Вор снял деревянную кружку с березового туеска, сразу запахло майским лугом, где у соснового околка стояла дедова пасека. Он и соседская девчонка, которую мама с жалостью звала «воскресным ребенком», потому что у ней постоянно был открыт рот, хоронятся за золотистую сосенку. Дед колдует над ульями, его борода спрятана под черной сеткой, а в янтарной струе меда, как драгоценные камешки, увязли точки соприкосновения солнечных лучей. Он считает – нечестно врываться в пчелиный дом, отбирать их труд. Потом ест мед со свежим хлебом и забывает об ограбленных пчелах.
Вкусно.
Упоров попробовал лакомство, стараясь сдержать желание проглотить всю ложку разом, заодно слегка позлить уж больно довольного собой вора. Сказал хорошим добрым голосом, как бы подражая настроению Никанора Евстафьевича:
– Партия тоже царствует над грехом, потому безгрешна.
– Э-э-э, – глаза Дьяка выражали искреннюю досаду, но он еще не был зол.
– Ереси у тебя в голове много. По-твоему: вором стать все едино, что в коммунисты записаться? Слепой ты, разницы не понимаешь существенной. Партия – сучье стадо, где чем больше соврешь, тем выше взлетишь. Самый большой лгун в мавзолее лежит. Все на него косяка давят и думать должны по-евонному. Свои мысли – под замок, а коли какая выскочила, как у тебя, допустим, значит самого замкнут, Но человек – существо вольное, имеет соблазн рассуждать, ибо рождается с поперечиной в мозгах. Теперь подумай и прикинь: кто ближе к человеческому образу, вор или коммунист? Ну, да я для тебя, грамотея, не авторитет. Тогда послушай, который этой самой сучьей наукой занимался и в большом был у них авторитете. Голос! Эй, разбудите Голоса! Жорка, кто Соломон по-ихнему, как его называть надо?
– Доктор, Никанор Евстафьевич.
– Дурак ты, Георгий, доктор тот, кто лечит.
– Ну, профессор…
– Во! – аж подпрыгнул Дьяк. – Умный! Иной раз слушаю и думаю: может, грохнуть тебя, падлу, чтоб мозги не закручивал людям. Молодежь-то поначалу его чуть не оприходовала. Вот и он. Садись, профессор, почаевничаем.
Сухонький, предупредительно вежливый еврей с грустными глазами профессионального плакальщика стоял в метре от стола, сложив мягкие волосатые ладони на ширинке коротковатых брюк из вытертого вельвета.
– Скажи-ка этому задире, Соломон, кто сообразил революцию и порядок наш государственный? Ты садись, Соломон.
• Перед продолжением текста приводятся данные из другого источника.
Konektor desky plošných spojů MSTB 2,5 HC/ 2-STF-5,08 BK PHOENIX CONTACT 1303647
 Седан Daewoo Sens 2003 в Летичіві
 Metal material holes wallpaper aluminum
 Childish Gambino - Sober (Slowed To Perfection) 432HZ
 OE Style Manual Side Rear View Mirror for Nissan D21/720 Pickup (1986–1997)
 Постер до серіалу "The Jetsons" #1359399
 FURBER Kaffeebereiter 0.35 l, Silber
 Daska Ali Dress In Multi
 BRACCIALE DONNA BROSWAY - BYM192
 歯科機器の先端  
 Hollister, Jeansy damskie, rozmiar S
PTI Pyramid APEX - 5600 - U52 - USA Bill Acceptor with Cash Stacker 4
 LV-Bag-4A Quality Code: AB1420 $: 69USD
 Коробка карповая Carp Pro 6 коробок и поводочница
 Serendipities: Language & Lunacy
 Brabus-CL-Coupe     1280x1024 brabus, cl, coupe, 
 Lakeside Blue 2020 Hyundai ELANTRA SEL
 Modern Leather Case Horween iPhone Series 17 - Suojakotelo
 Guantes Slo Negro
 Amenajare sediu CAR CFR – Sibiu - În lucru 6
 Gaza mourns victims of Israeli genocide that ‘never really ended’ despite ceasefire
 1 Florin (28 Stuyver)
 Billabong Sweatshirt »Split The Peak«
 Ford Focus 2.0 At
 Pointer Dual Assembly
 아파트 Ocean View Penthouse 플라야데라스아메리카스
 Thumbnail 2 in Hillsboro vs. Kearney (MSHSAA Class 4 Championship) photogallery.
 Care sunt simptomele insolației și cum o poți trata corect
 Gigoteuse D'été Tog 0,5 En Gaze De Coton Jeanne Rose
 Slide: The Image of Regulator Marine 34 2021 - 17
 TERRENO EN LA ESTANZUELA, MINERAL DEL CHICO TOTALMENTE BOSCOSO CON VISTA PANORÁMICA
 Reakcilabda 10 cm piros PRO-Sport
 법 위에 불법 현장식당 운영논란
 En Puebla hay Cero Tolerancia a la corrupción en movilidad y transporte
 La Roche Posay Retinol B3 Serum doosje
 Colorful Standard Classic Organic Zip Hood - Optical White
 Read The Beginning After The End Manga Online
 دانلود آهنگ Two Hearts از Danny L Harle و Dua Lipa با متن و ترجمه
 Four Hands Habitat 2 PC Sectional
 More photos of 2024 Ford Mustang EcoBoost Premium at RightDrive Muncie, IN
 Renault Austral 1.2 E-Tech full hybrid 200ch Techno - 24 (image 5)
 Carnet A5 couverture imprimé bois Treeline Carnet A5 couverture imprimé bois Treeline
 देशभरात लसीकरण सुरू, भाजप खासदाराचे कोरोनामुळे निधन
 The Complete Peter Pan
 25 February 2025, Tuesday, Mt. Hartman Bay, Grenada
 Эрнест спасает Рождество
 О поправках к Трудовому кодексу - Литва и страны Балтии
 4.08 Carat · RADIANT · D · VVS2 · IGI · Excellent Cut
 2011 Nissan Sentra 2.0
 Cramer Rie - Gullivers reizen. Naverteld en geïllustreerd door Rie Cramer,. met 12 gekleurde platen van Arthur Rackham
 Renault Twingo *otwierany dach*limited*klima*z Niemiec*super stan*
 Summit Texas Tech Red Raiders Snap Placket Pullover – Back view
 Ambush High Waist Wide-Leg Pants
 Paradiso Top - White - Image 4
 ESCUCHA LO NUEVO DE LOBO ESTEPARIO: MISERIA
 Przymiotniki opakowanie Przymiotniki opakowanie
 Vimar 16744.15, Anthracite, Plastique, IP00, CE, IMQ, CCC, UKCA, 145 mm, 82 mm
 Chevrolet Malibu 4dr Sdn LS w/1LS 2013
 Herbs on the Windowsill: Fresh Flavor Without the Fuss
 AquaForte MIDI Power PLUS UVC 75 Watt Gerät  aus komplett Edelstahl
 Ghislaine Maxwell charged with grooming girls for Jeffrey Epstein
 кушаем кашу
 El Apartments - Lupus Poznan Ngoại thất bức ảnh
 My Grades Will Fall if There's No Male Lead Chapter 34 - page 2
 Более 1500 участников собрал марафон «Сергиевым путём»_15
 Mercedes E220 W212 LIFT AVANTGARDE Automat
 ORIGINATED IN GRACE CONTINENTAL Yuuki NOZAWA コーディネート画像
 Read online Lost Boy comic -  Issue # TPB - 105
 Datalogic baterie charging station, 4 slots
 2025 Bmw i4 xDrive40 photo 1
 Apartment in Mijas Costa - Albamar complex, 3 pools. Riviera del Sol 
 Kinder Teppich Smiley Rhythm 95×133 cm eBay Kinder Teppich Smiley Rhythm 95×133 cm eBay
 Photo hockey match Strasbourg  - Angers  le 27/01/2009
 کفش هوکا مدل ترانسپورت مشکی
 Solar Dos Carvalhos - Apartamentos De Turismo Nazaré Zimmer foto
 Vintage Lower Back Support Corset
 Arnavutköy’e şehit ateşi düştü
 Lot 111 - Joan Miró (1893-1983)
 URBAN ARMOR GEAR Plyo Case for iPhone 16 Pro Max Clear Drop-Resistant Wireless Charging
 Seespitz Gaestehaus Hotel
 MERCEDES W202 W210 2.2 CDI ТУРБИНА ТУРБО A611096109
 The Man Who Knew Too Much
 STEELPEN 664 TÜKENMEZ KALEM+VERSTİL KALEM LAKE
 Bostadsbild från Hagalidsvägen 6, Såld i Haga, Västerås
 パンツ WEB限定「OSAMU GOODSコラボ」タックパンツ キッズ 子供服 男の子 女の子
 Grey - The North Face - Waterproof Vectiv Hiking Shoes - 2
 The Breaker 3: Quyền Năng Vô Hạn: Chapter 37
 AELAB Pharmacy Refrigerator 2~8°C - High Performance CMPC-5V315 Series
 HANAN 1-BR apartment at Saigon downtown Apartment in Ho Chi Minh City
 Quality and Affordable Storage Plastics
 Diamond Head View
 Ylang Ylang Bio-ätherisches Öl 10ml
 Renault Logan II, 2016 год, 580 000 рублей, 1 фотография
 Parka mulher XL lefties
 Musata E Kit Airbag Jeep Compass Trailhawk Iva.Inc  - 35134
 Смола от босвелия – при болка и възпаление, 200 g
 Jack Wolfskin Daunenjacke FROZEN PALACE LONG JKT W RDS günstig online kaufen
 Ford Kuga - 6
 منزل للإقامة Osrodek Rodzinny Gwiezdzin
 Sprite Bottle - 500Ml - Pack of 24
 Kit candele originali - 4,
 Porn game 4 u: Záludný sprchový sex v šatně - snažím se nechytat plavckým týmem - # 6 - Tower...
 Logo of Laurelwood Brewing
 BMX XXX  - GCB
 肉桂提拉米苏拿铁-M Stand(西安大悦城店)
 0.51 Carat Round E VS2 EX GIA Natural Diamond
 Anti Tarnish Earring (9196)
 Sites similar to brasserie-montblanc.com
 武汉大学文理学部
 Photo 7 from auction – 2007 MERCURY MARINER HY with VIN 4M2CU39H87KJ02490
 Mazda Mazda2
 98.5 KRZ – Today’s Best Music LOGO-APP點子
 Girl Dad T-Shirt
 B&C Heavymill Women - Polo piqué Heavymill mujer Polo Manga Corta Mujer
Медку откушай, но шибко не утомляй рассуждениями – прогоню.
Голос присел на краешек нар, прежде чем заговорить, подтянул к себе выставленную шустрым татарчонком кружку с чаем, отхлебнул глоток.
– Я – историк по образованию, – весомо произнес зэк. – Много лет работал в государственном партийном архиве. Защитил докторскую, полшага оставалось до членкорства… и несколько ослепленный успехами, дорогой… Простите, не знаю вашего имени.
– Вадим он, – нетерпеливо заерзал Дьяк. – Я ж тебя просил, Соломончик, не понтуйся. Говори по делу!
– Хорошо, хорошо, Никанор Евстафьевич. Так вот, писал выступления виднейшим государственным деятелям. Естественно – общался, беседовал.
Он попробовал мед, закрыл от удовольствия глаза, причмокнув мокроватыми губами:
– Божественно! Еще раз простите за вольность, но это действительно великолепно! В свое время, будучи студентом, пивал чаи у самого Емели Ярославского. Мед был хуже. Емеля меня ценил, предрекал большое будущее.
– Четвертак! – хохотнул Никанор Евстафьевич. – А дали только полтора червонца. Обманул тебя твой корешок.
– Академик, – выдохнул с какой-то безнадежностью Соломончик. – Биограф Владимира Ильича, но… мне грустно это констатировать, дорогой Вадим: академик был бо-о-о-льшой подлец! Многие из представителей «ленинской гвардии», с которыми встречался ваш покорный слуга, оказывались при ближайшем рассмотрении людьми порочными от мысли до действий. Трусливыми, а потому жестокими и, уж конечно, ограниченными. Ну, разве что Троцкий…
Голос пожевал нижнюю губу, словно пробуя Троцкого на вкус, решительно тряхнул головой:
– Да, пожалуй, Троцкий был не таким, как все.